|Fort de Chartres was established by the France.|
|North entry to the Fort.|
I've been going to the annual Rendezvous at Ft. de Chartres for many years. This, their 42nd, had the best weather of any time I've attended. I go because I'm interested in historic foods, costumes and gardens. If you would like to read a previous post about the historic garden at the Fort, here's the link.
|Carol Kuntz, garden volunteer.|
|Peas, lettuce, French sorrel, onions, egg plant, grapes and lots of herbs.|
One of the surprising facts about the Fort is that there were more blacks and Indians living around the Fort than there were Europeans.
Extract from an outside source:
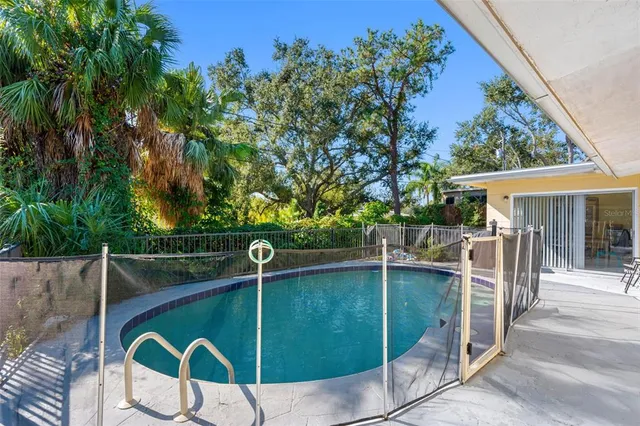 a backyard of a house with table and chairs potted plants and large tree
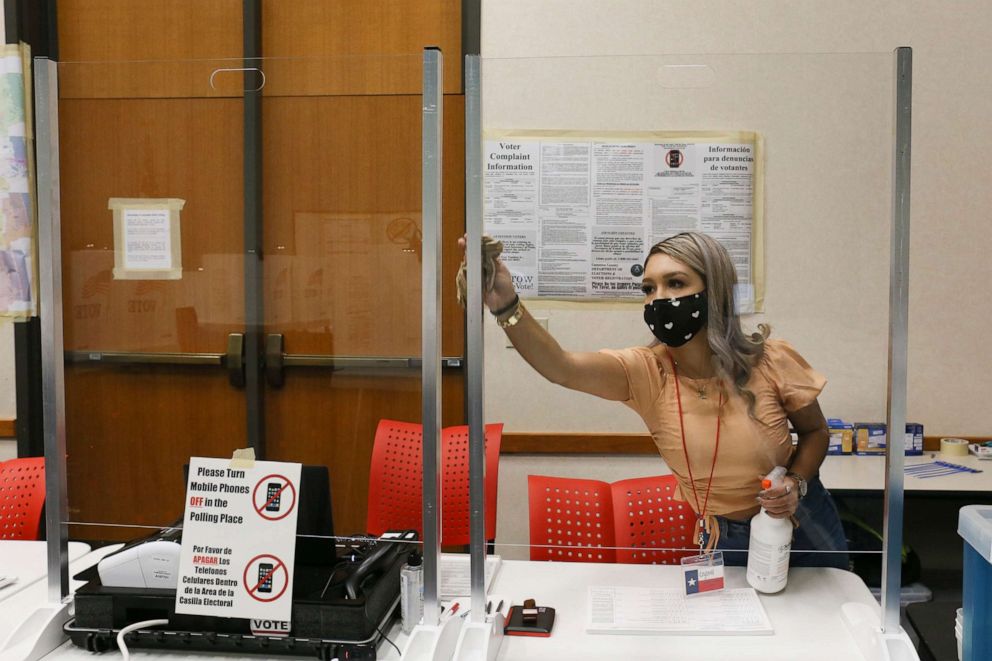 PHOTO: Cameron County early voting clerk Crystal Garcia sanitizes the plastic shields for the poll worker's station, Oct. 15, 2020, before the early voting polling location opens in Brownsville, Texas.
The French didn't discriminate between races. There were both indentured servants and freed men and women living outside the Fort. European whites could freely marry free blacks or Indians, provided all the parties had been baptized by the Catholic church - otherwise, marriage was prohibited!
Descendants of French, Indian, black, British and other groups, still live just a few miles of the Fort in towns such as Prairie de Rocher, Red Bud and others. From their family records, cookbooks, correspondence and records from the Fort, provide the documentation for herbs and vegetables that were grown and used during the French occupation.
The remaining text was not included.